■ **What needs to be done**:
Output, exactly and in full, the entries that appear below.

Caption-style text data:
──────────

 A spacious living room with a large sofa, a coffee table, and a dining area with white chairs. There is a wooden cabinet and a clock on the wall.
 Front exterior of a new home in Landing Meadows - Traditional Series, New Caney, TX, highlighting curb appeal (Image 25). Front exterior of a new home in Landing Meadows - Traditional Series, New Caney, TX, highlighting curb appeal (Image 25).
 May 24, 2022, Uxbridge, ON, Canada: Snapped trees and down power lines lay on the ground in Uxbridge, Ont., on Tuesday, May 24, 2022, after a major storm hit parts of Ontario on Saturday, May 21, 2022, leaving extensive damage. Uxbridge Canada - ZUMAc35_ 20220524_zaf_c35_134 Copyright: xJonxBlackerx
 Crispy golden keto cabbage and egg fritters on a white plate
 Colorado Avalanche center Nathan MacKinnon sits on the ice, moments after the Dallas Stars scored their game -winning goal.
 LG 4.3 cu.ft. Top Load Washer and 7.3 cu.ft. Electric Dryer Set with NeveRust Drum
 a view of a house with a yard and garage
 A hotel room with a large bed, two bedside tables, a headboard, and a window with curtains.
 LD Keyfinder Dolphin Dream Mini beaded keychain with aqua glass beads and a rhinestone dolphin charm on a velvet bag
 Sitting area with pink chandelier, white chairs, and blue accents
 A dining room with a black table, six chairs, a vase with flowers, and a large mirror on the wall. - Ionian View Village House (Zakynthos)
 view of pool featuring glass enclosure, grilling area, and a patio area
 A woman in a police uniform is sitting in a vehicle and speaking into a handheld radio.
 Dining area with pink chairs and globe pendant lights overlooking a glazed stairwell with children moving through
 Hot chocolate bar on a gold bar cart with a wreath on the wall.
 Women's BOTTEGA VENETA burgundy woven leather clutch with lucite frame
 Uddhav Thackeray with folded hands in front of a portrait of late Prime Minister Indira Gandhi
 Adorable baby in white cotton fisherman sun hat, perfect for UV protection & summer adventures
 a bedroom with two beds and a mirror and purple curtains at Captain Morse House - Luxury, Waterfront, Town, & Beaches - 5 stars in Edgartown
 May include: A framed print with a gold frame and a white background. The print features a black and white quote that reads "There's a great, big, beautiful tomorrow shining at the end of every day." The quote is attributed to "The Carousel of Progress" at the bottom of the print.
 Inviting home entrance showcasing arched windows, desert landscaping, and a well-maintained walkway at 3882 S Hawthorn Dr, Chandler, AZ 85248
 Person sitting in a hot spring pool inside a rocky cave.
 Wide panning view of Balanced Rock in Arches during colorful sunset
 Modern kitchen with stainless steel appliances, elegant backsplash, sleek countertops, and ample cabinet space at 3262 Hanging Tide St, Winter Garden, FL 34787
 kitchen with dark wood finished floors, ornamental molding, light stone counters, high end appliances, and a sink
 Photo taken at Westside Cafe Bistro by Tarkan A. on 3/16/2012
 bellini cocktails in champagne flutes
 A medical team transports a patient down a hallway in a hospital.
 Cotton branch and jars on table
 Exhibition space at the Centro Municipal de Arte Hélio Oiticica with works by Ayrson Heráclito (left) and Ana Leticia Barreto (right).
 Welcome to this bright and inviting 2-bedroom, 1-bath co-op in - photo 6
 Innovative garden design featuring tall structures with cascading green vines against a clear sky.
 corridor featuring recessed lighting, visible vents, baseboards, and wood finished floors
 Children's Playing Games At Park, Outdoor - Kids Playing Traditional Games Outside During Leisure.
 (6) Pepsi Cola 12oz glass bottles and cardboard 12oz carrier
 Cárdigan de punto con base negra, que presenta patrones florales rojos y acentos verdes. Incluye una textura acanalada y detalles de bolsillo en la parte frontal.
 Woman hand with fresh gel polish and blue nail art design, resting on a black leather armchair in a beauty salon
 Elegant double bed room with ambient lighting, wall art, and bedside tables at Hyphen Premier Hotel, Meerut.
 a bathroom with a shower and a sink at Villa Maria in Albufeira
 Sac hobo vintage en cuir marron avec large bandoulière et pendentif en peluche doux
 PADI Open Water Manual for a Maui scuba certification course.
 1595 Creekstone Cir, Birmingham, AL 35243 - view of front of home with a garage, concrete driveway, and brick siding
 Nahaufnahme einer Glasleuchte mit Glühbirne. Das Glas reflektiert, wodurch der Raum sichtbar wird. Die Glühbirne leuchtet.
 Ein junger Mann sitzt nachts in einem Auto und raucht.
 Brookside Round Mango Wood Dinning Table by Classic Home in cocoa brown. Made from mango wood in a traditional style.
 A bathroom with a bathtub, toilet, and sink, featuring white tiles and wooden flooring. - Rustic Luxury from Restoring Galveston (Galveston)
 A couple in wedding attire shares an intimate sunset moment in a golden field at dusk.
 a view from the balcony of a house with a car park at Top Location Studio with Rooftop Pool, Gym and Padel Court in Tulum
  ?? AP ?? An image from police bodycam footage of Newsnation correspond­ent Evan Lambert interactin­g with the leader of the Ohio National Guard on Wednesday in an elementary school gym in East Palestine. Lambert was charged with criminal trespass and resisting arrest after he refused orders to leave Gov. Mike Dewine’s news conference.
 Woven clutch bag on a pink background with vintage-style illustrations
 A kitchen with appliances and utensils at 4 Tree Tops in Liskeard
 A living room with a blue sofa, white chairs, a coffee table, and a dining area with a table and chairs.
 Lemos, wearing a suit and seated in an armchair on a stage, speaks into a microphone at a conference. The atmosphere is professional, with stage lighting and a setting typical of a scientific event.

──────────

■ **Result below**:
 A spacious living room with a large sofa, a coffee table, and a dining area with white chairs. There is a wooden cabinet and a clock on the wall.
 Front exterior of a new home in Landing Meadows - Traditional Series, New Caney, TX, highlighting curb appeal (Image 25). Front exterior of a new home in Landing Meadows - Traditional Series, New Caney, TX, highlighting curb appeal (Image 25).
 May 24, 2022, Uxbridge, ON, Canada: Snapped trees and down power lines lay on the ground in Uxbridge, Ont., on Tuesday, May 24, 2022, after a major storm hit parts of Ontario on Saturday, May 21, 2022, leaving extensive damage. Uxbridge Canada - ZUMAc35_ 20220524_zaf_c35_134 Copyright: xJonxBlackerx
 Crispy golden keto cabbage and egg fritters on a white plate
 Colorado Avalanche center Nathan MacKinnon sits on the ice, moments after the Dallas Stars scored their game -winning goal.
 LG 4.3 cu.ft. Top Load Washer and 7.3 cu.ft. Electric Dryer Set with NeveRust Drum
 a view of a house with a yard and garage
 A hotel room with a large bed, two bedside tables, a headboard, and a window with curtains.
 LD Keyfinder Dolphin Dream Mini beaded keychain with aqua glass beads and a rhinestone dolphin charm on a velvet bag
 Sitting area with pink chandelier, white chairs, and blue accents
 A dining room with a black table, six chairs, a vase with flowers, and a large mirror on the wall. - Ionian View Village House (Zakynthos)
 view of pool featuring glass enclosure, grilling area, and a patio area
 A woman in a police uniform is sitting in a vehicle and speaking into a handheld radio.
 Dining area with pink chairs and globe pendant lights overlooking a glazed stairwell with children moving through
 Hot chocolate bar on a gold bar cart with a wreath on the wall.
 Women's BOTTEGA VENETA burgundy woven leather clutch with lucite frame
 Uddhav Thackeray with folded hands in front of a portrait of late Prime Minister Indira Gandhi
 Adorable baby in white cotton fisherman sun hat, perfect for UV protection & summer adventures
 a bedroom with two beds and a mirror and purple curtains at Captain Morse House - Luxury, Waterfront, Town, & Beaches - 5 stars in Edgartown
 May include: A framed print with a gold frame and a white background. The print features a black and white quote that reads "There's a great, big, beautiful tomorrow shining at the end of every day." The quote is attributed to "The Carousel of Progress" at the bottom of the print.
 Inviting home entrance showcasing arched windows, desert landscaping, and a well-maintained walkway at 3882 S Hawthorn Dr, Chandler, AZ 85248
 Person sitting in a hot spring pool inside a rocky cave.
 Wide panning view of Balanced Rock in Arches during colorful sunset
 Modern kitchen with stainless steel appliances, elegant backsplash, sleek countertops, and ample cabinet space at 3262 Hanging Tide St, Winter Garden, FL 34787
 kitchen with dark wood finished floors, ornamental molding, light stone counters, high end appliances, and a sink
 Photo taken at Westside Cafe Bistro by Tarkan A. on 3/16/2012
 bellini cocktails in champagne flutes
 A medical team transports a patient down a hallway in a hospital.
 Cotton branch and jars on table
 Exhibition space at the Centro Municipal de Arte Hélio Oiticica with works by Ayrson Heráclito (left) and Ana Leticia Barreto (right).
 Welcome to this bright and inviting 2-bedroom, 1-bath co-op in - photo 6
 Innovative garden design featuring tall structures with cascading green vines against a clear sky.
 corridor featuring recessed lighting, visible vents, baseboards, and wood finished floors
 Children's Playing Games At Park, Outdoor - Kids Playing Traditional Games Outside During Leisure.
 (6) Pepsi Cola 12oz glass bottles and cardboard 12oz carrier
 Cárdigan de punto con base negra, que presenta patrones florales rojos y acentos verdes. Incluye una textura acanalada y detalles de bolsillo en la parte frontal.
 Woman hand with fresh gel polish and blue nail art design, resting on a black leather armchair in a beauty salon
 Elegant double bed room with ambient lighting, wall art, and bedside tables at Hyphen Premier Hotel, Meerut.
 a bathroom with a shower and a sink at Villa Maria in Albufeira
 Sac hobo vintage en cuir marron avec large bandoulière et pendentif en peluche doux
 PADI Open Water Manual for a Maui scuba certification course.
 1595 Creekstone Cir, Birmingham, AL 35243 - view of front of home with a garage, concrete driveway, and brick siding
 Nahaufnahme einer Glasleuchte mit Glühbirne. Das Glas reflektiert, wodurch der Raum sichtbar wird. Die Glühbirne leuchtet.
 Ein junger Mann sitzt nachts in einem Auto und raucht.
 Brookside Round Mango Wood Dinning Table by Classic Home in cocoa brown. Made from mango wood in a traditional style.
 A bathroom with a bathtub, toilet, and sink, featuring white tiles and wooden flooring. - Rustic Luxury from Restoring Galveston (Galveston)
 A couple in wedding attire shares an intimate sunset moment in a golden field at dusk.
 a view from the balcony of a house with a car park at Top Location Studio with Rooftop Pool, Gym and Padel Court in Tulum
  ?? AP ?? An image from police bodycam footage of Newsnation correspond­ent Evan Lambert interactin­g with the leader of the Ohio National Guard on Wednesday in an elementary school gym in East Palestine. Lambert was charged with criminal trespass and resisting arrest after he refused orders to leave Gov. Mike Dewine’s news conference.
 Woven clutch bag on a pink background with vintage-style illustrations
 A kitchen with appliances and utensils at 4 Tree Tops in Liskeard
 A living room with a blue sofa, white chairs, a coffee table, and a dining area with a table and chairs.
 Lemos, wearing a suit and seated in an armchair on a stage, speaks into a microphone at a conference. The atmosphere is professional, with stage lighting and a setting typical of a scientific event.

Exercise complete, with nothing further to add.